As a bit of an aside, NFSv4.2 does differentiate between "at EOF"
and "beyond EOF" for its Seek operation.
The fun part is that Linux did not implement what is in the RFC and shipped
to many before the "bug" was noticed (and still do not conform to the RFC
afaik). As such, there are now two ways to do it, The RFC way or the Linux
way.

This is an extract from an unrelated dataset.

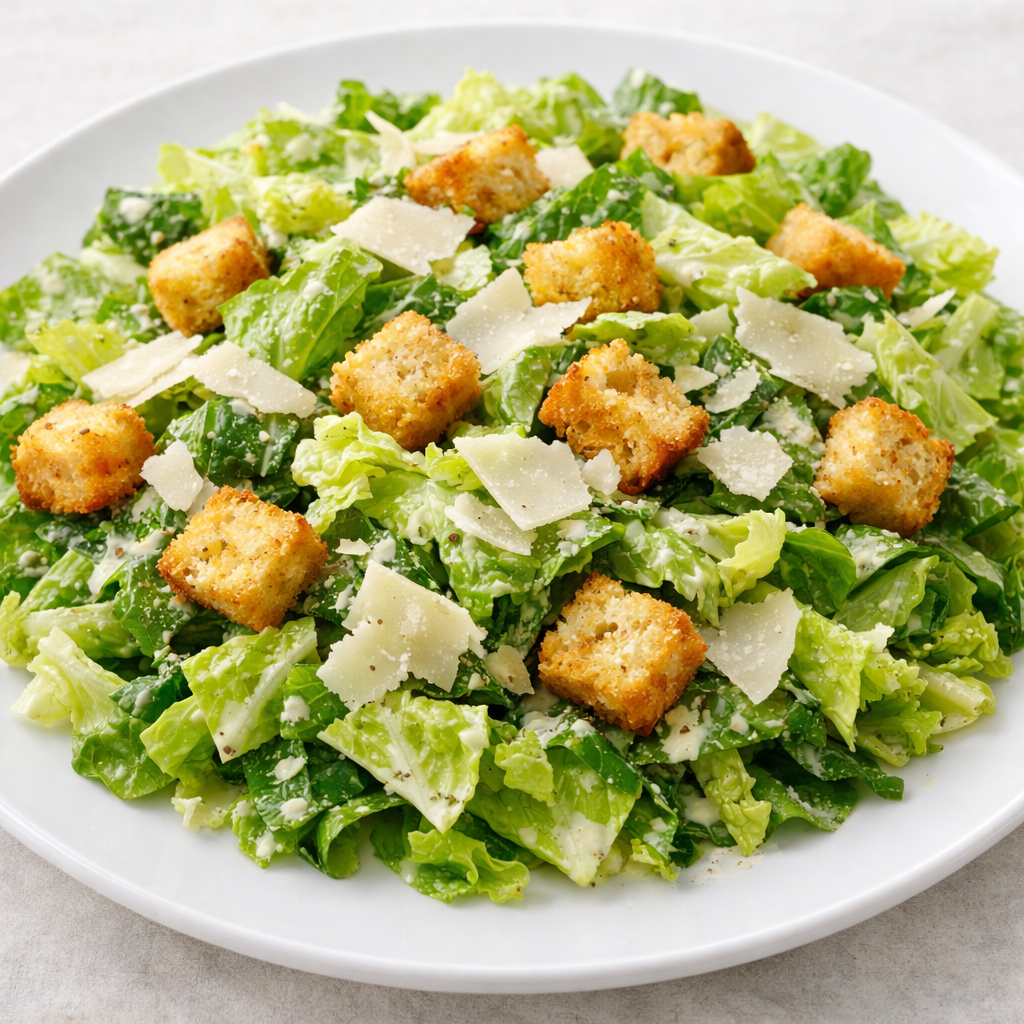 A vibrant Classic Caesar Chopped Salad topped with croutons and Parmesan cheese.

Selecting between them is what the sysctl vfs.nfsd.linux42server does.

> > >  And does it not
> > > trouble you that calling SEEK_HOLE from the beginning of the "virtual
> > > hole at EOF" will return ENXIO, even though calling SEEK_HOLE from the
> > > beginning of any real hole will return the current offset?
> >
> > EOF is where the file ends and there's no "hole" there, because there
> > no more file on the other side of that "hole".
> >
> > When you stand on a cliff, the ocean is not "a hole in the landscape",
> > it's where the landscape ends.
>
> Except there is a hole at EOF, a virtual hole.  The draft spec
> specifically says "all seekable files shall have a virtual hole
> starting at the
> current size of the file".
I think that they used the term "virtual" to indicate this is not a real hole
and I think it was a good idea, since it allows file systems that do not
support holes to support SEEK_DATA.

However, I still believe that conforming to the Austin Group draft is
preferable.

rick

>
> >
> > > > And returning ENXIO is more informative than returning the size of the
> > > > file, since it atomically tells you that there are no more holes.
> > >
> > > Ahh, that's a good point.  It's the first point I've heard in favor of
> > > this option.  Are you aware of any applications that need to know
> > > that?
> >
> > No, but that should not get in the way of good syscall architecture :-)
> >
> > It might be useful for archivers which try to be smart about sparse files.
>
> I imagine that most archivers would work like this:
> ofs = 0
> loop {
>     let start = lseek(fd, ofs, SEEK_DATA);
>     if ENXIO {
>         // No more data regions
>         break
>     }
>     let end = lseek(fd, ofs, SEEK_HOLE);
>     assert!(!ENXIO) // thanks to the virtual hole, we should never
> have ENXIO here
>     copy(fd, start, end - start, ...)
>     ofs = end
> }
> truncate(output_file, fd.fsize)
>
> Since archivers really only care about data regions, not holes, I
> don't think that they would usually call SEEK_HOLE at EOF.
>
> >
> > --
> > Poul-Henning Kamp       | UNIX since Zilog Zeus 3.20
> > phk@FreeBSD.ORG         | TCP/IP since RFC 956
> > FreeBSD committer       | BSD since 4.3-tahoe
> > Never attribute to malice what can adequately be explained by incompetence.
>